Passarinho e violeiro são milagres da natureza musical: um com tanta pena e o outro cantando as penas de todos nós.
Já ando embengalado pelos tempos vividos e não reclamo mais dos buracos das calçadas, dos motoristas que atravessam a faixa de pedestre, rápidos e celerados atrás de segundos de pressa que, bem posso dizer, irão ao encontro da Morte, a Senhora de Todos Os Apressados. Olho à direita, à esquerda, e aguardo o momento da travessia. E acho que a Prefeitura deveria criar um crachá para pedestres profissionais. Bem grande e vistoso, assim como a camisa da Ponte Preta. Quanto aos pedestres amadores, sempre apressados, e sempre atravessando avenidas sem respeitar a faixa de pedestres, bem, que os padres da cidade lhes dediquem os melhores anjos da guarda.
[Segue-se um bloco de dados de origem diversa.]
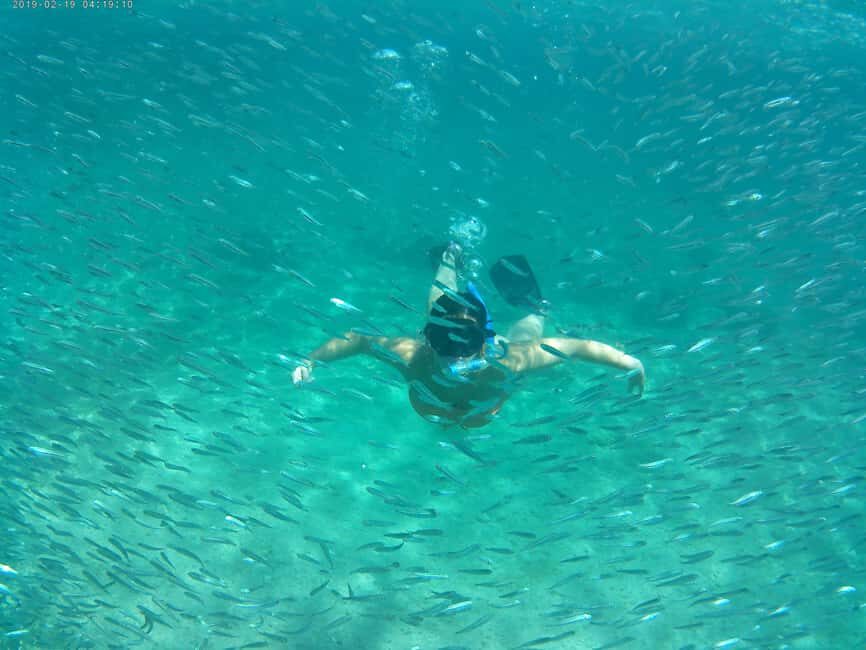 Crete: Snorkel Cretes Hidden Coves by Boat - Who This Tour Is Best For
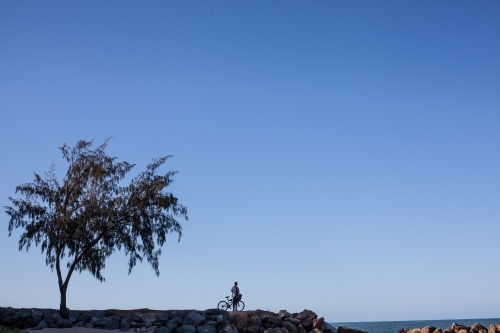 Silhouetted tree and person with bike by the coast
Aliás, na minha adolescência conheci um guarda civil que cuidava do cruzamento da Glicério com a General Osório. Ele era o semáforo da esquina. Certa vez, um motorista parou em cima da faixa de pedestre e ele abriu as portas traseiras do cadilaque e pediu para que todos passassem por dentro do carro. Eu pensei em participar daquela aula pedagógica de trânsito, mas a timidez dos meus doze anos me impediu.
Não sei o que me levou a lembrar tal acontecimento. Embora tenha sido um acontecimento.
E também não importa a ninguém o que aconteceu com o fechamento da boate El Cairo. A casa ficava na esquina da Barão de Jaguara com a Benjamin Constant – onde hoje funciona uma elegante casa de roupas. Dizem que o novo dono da boate não frequentava a igreja e tampouco contribuía para o cofre da mesma.
Forças divinas trataram de secar o lugar com rezas e forças políticas. E eu perdi meu emprego de cantor; e muitas moças de vida difícil tiveram suas vidas ainda mais complicadas, buscando clientelas estranhas pelas esquinas centrais da cidade.
Estamos todos nós a sós pelas ruas da cidade. Muitos pelos seus escritórios de acordos espúrios, pelas mesas de restaurantes que, além da boa comida, oferecem um certo ar de cordialidade e confiabilidade social aos corruptos políticos. A mesma calçada que piso já foi trilhada por gente bandida. E a calçada não tem nada a ver com os bandidos da cidade. E assim trato de lavar com álcool as solas do meu sapato antes de entrar em casa.
Mulheres usam calcinha e homens, cueca. E todos, agora, usam máscara. Sempre carrego uma no carro e outra no rosto. Sem contar as que tenho em casa.
Máscara é uma vestimenta que a civilidade há de exigir de todos nós, assim como fazem os japoneses desde a segunda guerra mundial.
Batom, desodorante, água de colônia, perfume, rímel, não há ninguém que não use tais produtos. Qual é o problema em usar máscara quando se está resfriado, gripado? E a bem dizer, máscara esconde a nossa feiura pelas ruas da cidade.
Brinco com a nossa pandemia porque não posso fazer nada além de enfrentar os novos tempos com um pouco de bom humor.
É o que está faltando atualmente: encarar a vida que temos de levar, sem levar o fardo da impaciência.
É a notícia que dou. Nem tudo é o que parece. Vamos em frente e achando que a vida é um grande baile de máscara – o que não deixa de ser verdade, pois mesmo sem máscara muitos se mascaram em frases bem-feitas, políticos falantes, e, bem, um presidente da república desmascarado pela sua incompetência de governar nossas vidas. É o único sem máscara que anda por aí. E mesmo assim dono da caneta que assina o nosso futuro. Até quando?